It’s hard to browse DMU without finding at least one reference to Master’s influence (and more generally Paul Speckmann’s projects) on death metal. DMU’s ability to follow Master’s evolution has generally been better than my own, but I’m hoping that their upcoming albums will change that. An Epiphany of Hate will release on January 29th, 2016, presumably making it a superior purchase to other metal albums releasing that day, like Dream Theater‘s latest. Without any known teaser material out, I’d guess this album will follow up on the style of Master’s previous full length (The Witchhunt), but regardless of substyle this will be one to keep an eye on.
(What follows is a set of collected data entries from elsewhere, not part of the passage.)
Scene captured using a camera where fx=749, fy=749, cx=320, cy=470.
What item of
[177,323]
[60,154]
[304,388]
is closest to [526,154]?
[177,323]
I hear that Aborted is flat. I don’t know if it’s true, although I wouldn’t be surprised if that installment of Sadistic Metal Reviews was correct about the band. No matter how flat Aborted is, though, they do seem to be one of the more commercially successful death metal bands as of late, and their commercial legacy continues with the Termination Redux EP. This EP will release on January 8th, 2016 in a vinyl pressing, and will make its way to digital retailers a week later. There’s no sign of an upcoming full length album to follow this EP, but Aborted will follow this up by touring Europe with Kataklysm and Septicflesh.
Nergal of Behemoth recently conducted an interview with Rock Sverige in which he revealed his plans for the band and other musical endeavors. So far, a new album from Behemoth isn’t confirmed, but Nergal claimed that the band would enter the studio in 2016 and that he thought “…it would be really smart and good to have a new album out in 2017”. He also mentioned some side projects outside of metal and an interest in the works of David Bowie. Needless to say, if the band releases further confirmation for a release, it’ll probably go on our radar. Behemoth has apparently sold enough albums to live quite comfortably, and that’ll probably continue for many years.
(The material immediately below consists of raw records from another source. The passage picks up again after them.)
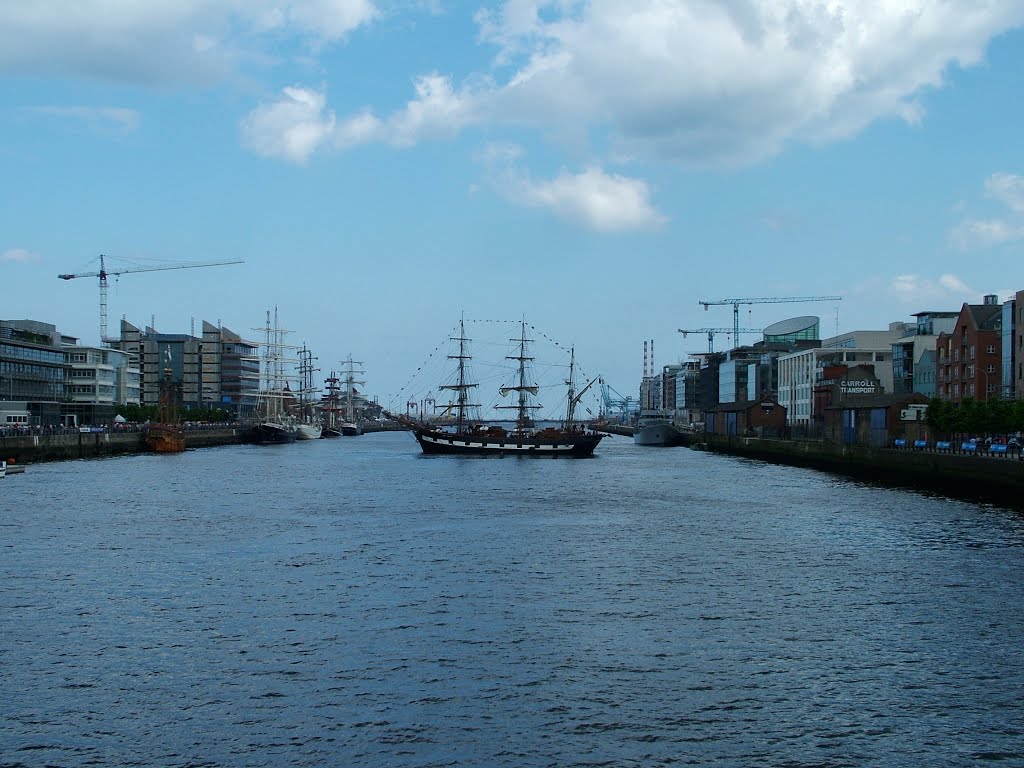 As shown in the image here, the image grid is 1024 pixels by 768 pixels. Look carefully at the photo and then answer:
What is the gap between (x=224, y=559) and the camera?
1503 inches

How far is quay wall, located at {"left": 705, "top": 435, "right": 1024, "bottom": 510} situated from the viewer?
61784 mm

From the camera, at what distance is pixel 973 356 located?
343 ft

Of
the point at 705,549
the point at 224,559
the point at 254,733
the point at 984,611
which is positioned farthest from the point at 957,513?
the point at 254,733

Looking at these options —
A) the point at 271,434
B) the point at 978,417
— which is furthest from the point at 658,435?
the point at 978,417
Sold to us by a promo company as “melodic” death/black metal, Des Endes Anfang by Tranquillizer (sic) is an ungainly fusion of In Flames type melodeath, Pantera flavored brocore grooves, and maybe a slight hint of extreme metal writing at times… by mistake. It occasionally amuses me to see a long-abandoned style of pop metal get some attention after years of neglect, but that doesn’t detract from the fact that this album is simply terrible. It’s so bad that I’ve decided to explicitly label it a bad album, in spite of my tendency to pass off most of the review subjects here at DMU as mediocre (medio-core?) and forgettable.
The songwriting here, admittedly, is only weak in a pedestrian fashion. If you were to strip away all the references to past forms of mainstream metal, you’d end up with just another set of random, generic metal riffs like so many albums before this; nothing actually worth discussing. To be fair, Tranquillizer’s “varied” influences give them a wide set of material to pull upon, similar to something like Children of Bodom‘s latest. I Worship Chaos is actually a decent comparison; Tranquillizer doesn’t have the neoclassical backing that helped contribute to that band’s popularity, but they do replace it with slightly more varied (albeit stupid sounding) vocals. In this reviewer’s opinion, that’s not a great trade, but it’s not like either point of comparison has any real merit.
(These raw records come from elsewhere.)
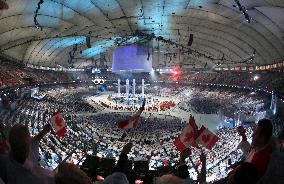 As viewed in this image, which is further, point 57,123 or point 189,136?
point 57,123

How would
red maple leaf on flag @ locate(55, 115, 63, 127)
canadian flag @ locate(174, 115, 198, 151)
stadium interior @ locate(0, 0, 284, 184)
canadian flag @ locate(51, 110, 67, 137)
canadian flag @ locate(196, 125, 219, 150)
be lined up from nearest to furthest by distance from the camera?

While the substrate of this band is hollow at best, most of what I find contemptible in Des Endes Anfang is its immediately apparent, surface level stupidity. A clean, dry, sterile production allows the panderingly simplistic rhythms of this album to burst forth, as well as a dual vocal system of generic shrieks and vomited grunts. For our purposes, it should suffice to say that this is, at best, a modern rehash of older substyles. You could make the case that none of this is innately bad, despite its similarities to previous bad metal albums, but even if you did, it seems apparent that Tranquillizer doesn’t have the musical knowledge or aptitude to make this album come off as more than half-hearted worship of a warmed over god. Not that I should be raising our old whipping posts to the level of divinity, but the analogy is sound, and Des Endes Anfang isn’t exactly worthy of more precise flogging.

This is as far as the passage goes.